Beth PlummerBeth Plummer

The Presidential Colloquium series at Hope College will conclude the first half of its exploration of the Protestant Reformation with the address “Dangerous Choices: Women, Clerics and Marriage in the German Reformation” by Dr. Marjorie Elizabeth (Beth) Plummer of Western Kentucky University on Monday, April 10, at 4 p.m. in Winants Auditorium of Graves Hall.

The public is invited.  Admission is free.

The Protestant Reformation was sparked when Martin Luther delivered his 95 theses to the Archbishop of Mainz on Oct. 31, 1517.  Hope is marking the Reformation’s 500th anniversary with multiple presentations in the spring and fall that are exploring ways that the Reformation has shaped the world throughout history as well as its significance for Holland.  Organized or coordinated through the college’s Presidential Colloquium series, the Hope events are presented within the theme “The Reformation and the Making of the Modern World.”
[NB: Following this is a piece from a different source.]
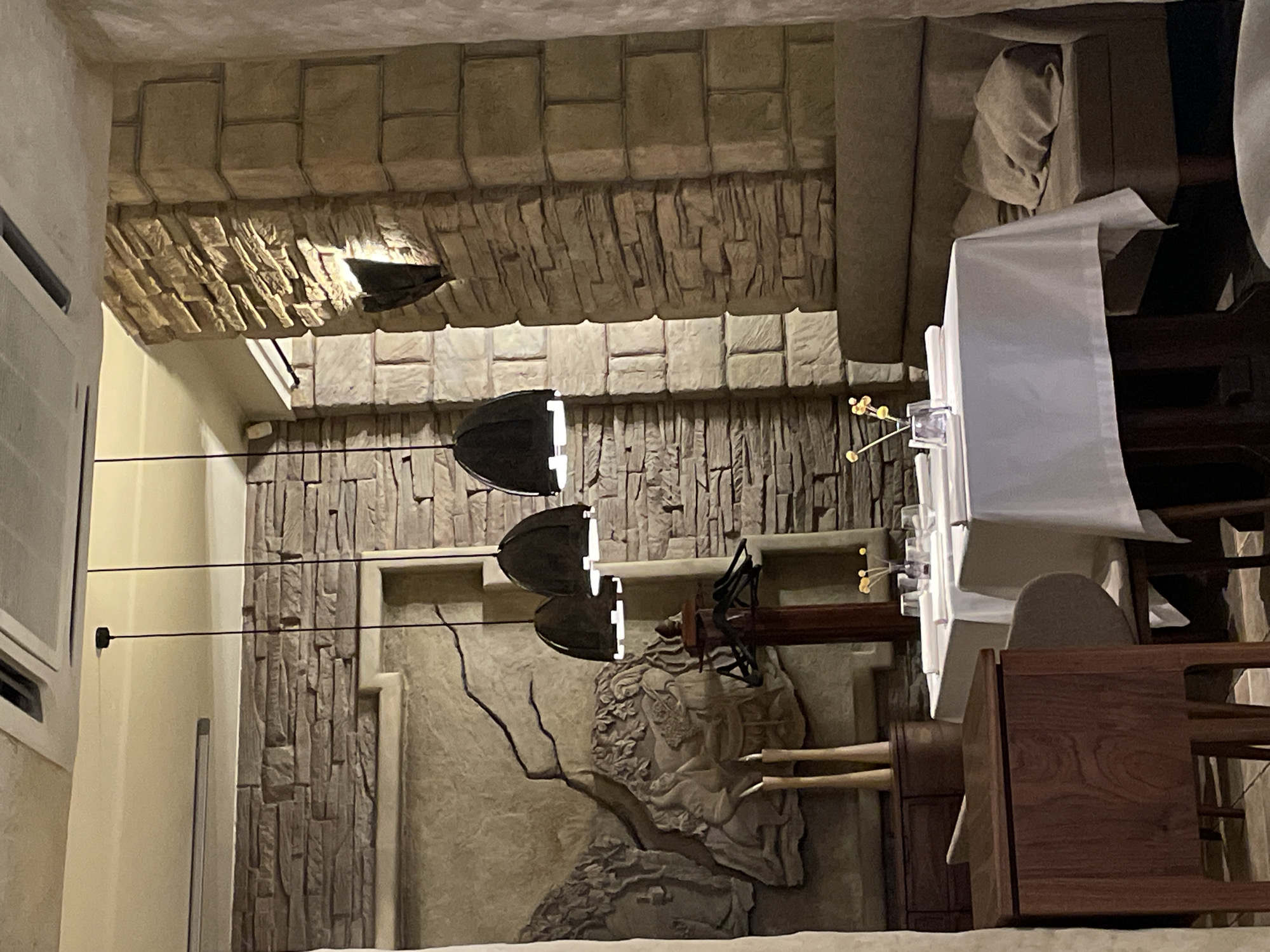 This image, when viewed in its correct upright orientation, depicts an inviting and sophisticated indoor dining area, likely a restaurant or an upscale private dining room. The walls are a prominent feature, adorned with textured stone cladding. The upper sections exhibit neatly laid, block-like stones, while the lower parts showcase more rugged, vertically oriented, rough-hewn stone elements, creating a blend of rustic and refined aesthetics.
Several dark, bell-shaped pendant light fixtures hang at different heights, casting a warm glow and providing the primary illumination for the space. Reflections of light are visible on their metallic surfaces. To the far left, a white air conditioning unit is partially visible on a light-colored wall.
In the foreground and to the right, dining tables are visible, covered with crisp white tablecloths and accompanied by chairs. One table holds a small vase with delicate yellow decorative elements. The absence of people suggests the image was captured either before or after dining hours.
A notable artistic detail is a large relief sculpture on the lower section of the wall. This intricate artwork appears to feature a figure, possibly mythological, intertwined with organic motifs resembling branches or vines, adding a classical and artistic touch to the decor. A dark wooden structure, potentially part of a serving cart or another piece of furniture, is partially visible near the tables.
The artificial lighting and the general atmosphere indicate an evening setting. The unique combination of natural stone, detailed relief art, and elegant table settings points to a location with a distinctive interior design. No visible text is present in the image.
Plummer is a professor in the History Department at Western Kentucky University.  She specializes in the history of the impact of the early reform movement in Germany on family and gender roles and the changing legal definitions of social norms and religious identity in Early Modern Germany.

Her publications include “From Priest’s Whore to Pastor’s Wife: Clerical Marriage and the Process of Reform in the Early German Reformation” (2012), which won the 2013 SCSC Gerald Strauss Book Prize. She is also co-editor of “Ideas and Cultural Margins in Early Modern Germany: Essays in Honor of H.C. Erik Midelfort” (2009) and “Archaeologies of Confession: Writing the German Reformation, 1517-2017” (2017).

She has written articles on monastic marriage, concubinage, bigamy, historical memory and imprisoned early reformers, the Electors of Saxony and Martin Luther, and Protestant nuns. Currently a Solmsen Fellow at the Institute for Research in the Humanities at the University of Wisconsin, she is working on “Building Walls and Sharing Space: The Protestant Nun, Religious Diversity and Pluriconfessional Convents in the Holy Roman Empire, 1520–1750,” a book-length study on the experience of nuns during long Reformation.

The Reformation-themed events at Hope during the current spring semester are running March 29-April 10, and include a concert by the Grand Rapids Symphony and three addresses.  The fall-semester events have not been finalized, but are anticipated to include panel discussions exploring the experience of local communities and residents.

The Presidential Colloquium, initiated by President John C. Knapp, is a recurring lecture series that brings prominent thinkers to Hope to share their insights on the academy, leadership and global civic engagement.  Speakers since the series debuted in September 2013 have included Dr. Richard Carwardine, who is an internationally recognized expert on Abraham Lincoln and president of Corpus Christi College of the University of Oxford in the United Kingdom; Professor H. Russel Botman, rector and vice-chancellor of Stellenbosch University; Scott Aughenbaugh, who is a deputy director of Strategic Futures at the Center for Strategic and International Studies (CSIS); and David Brooks, New York Times columnist and best-selling author.

More information the series is available online at hope.edu/offices/president/presidential-colloquium.html.  Details regarding the fall events will be posted nearer the beginning of the college’s fall semester.

Graves Hall is located at 263 College Ave., between 10th and 12th streets.